Flight according to Abe:

You did not come forth to face reality. You came forth to spring off of reality. You came forth to let the reality be the basis from which you take flight.

And that is really what we want you to hear. We want you to be in love with the contrast that produces the desire. And we want you to milk those new desires for everything they are worth.

When you get a new desire, if it is big or if it is small, we want you to fantasize around it and give your attention to it, and take every bit of pleasure you can from the power of your mind knowing that manifestation will follow.

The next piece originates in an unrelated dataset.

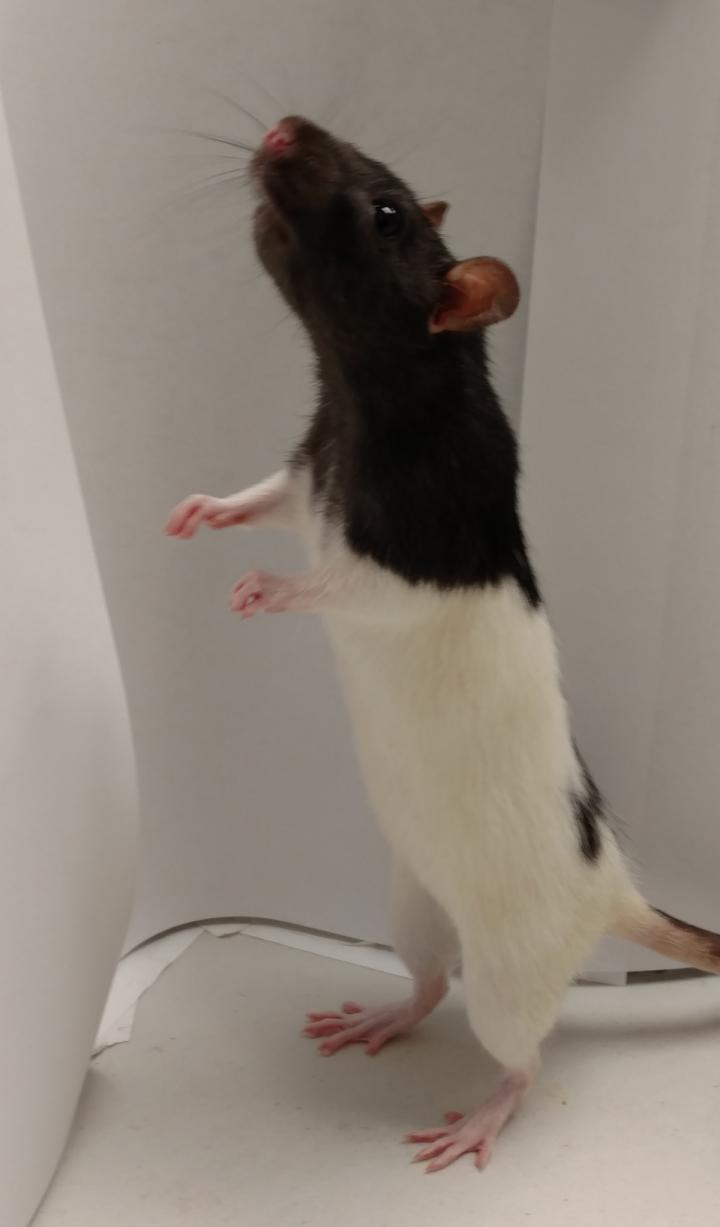 To Follow the Wind, Rats Use their Whiskers (3 of 8)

But it is not your manifestation that we are here rooting for. It is your moment-to-moment thrill with the power of your flight.
 
by Abraham-Hicks
 
I left my husband because of flight. I wanted to learn to fly an airplane, and he blatantly said no. I wanted to fly. I wanted to soar, and he wanted to keep me tied to him, small and powerless, scared shitless and driven to make him happy.
 
I preferred flight.
 
So, here I am years later and still obsessed with flying, still craving the view above the mountains, still longing for the thrill of pulling the yoke back and feeling the wheels lift off the ground. I desire to fly. I ache to sit in the left seat of a small aircraft. I can feel the wheels as they gently touch down while pulling the yoke back, watching the mountain above the nose as I gradually lower it and feel the last wheel touch down as if it landed in velvet. Ah... greased landing. I used to dream of those. I used to awaken in the mornings and check the skies for clouds, the trees for wind blowing their limbs. I used to call AWOS to see if that morning would be a good day to fly.
 
I breathed it. I ate it. I drank it in. There was nothing that thrilled me like a greased landing. Nothing.
 
When I wasn't in the air or working, I was studying. I was on the phone with my Aspen pilot asking him questions. We would get together on the weekends, propped up in a hotel bed and go through my textbooks. He'd help me see the practical experience of the maneuvers I was doing in the air.
 
I had never had a relationship with someone who was passionate about the same thing as me. We could lay in bed forever talking about it and eat dinner reliving our latest flights together. To me, that was heaven, pure joy.
 
There was nothing about our relationship that our society would call good, yet it was the best relationship I had ever had. It catapulted me into a new life believing in myself and making me want so much more from my life and myself. It was exactly what I wanted without even knowing it was possible, but once I got a taste of it, I couldn't settle for anything less.
 
It's the contrasts that we create in our lives that give us opportunities for wanting more for ourselves. There were things about that relationship that I wanted differently, so I chose differently. As the years progressed and the relationships changed, so did my desires.
 
I've fine-tuned what I want now thanks to all those lovely experiences, and since I know better, I choose better. It's true about anything in life. Nothing's good or bad; it's just about what works for you and what doesn't. When it doesn't, do something differently. When it does, bask in it.
 
And as far as flying goes, I'm soaring.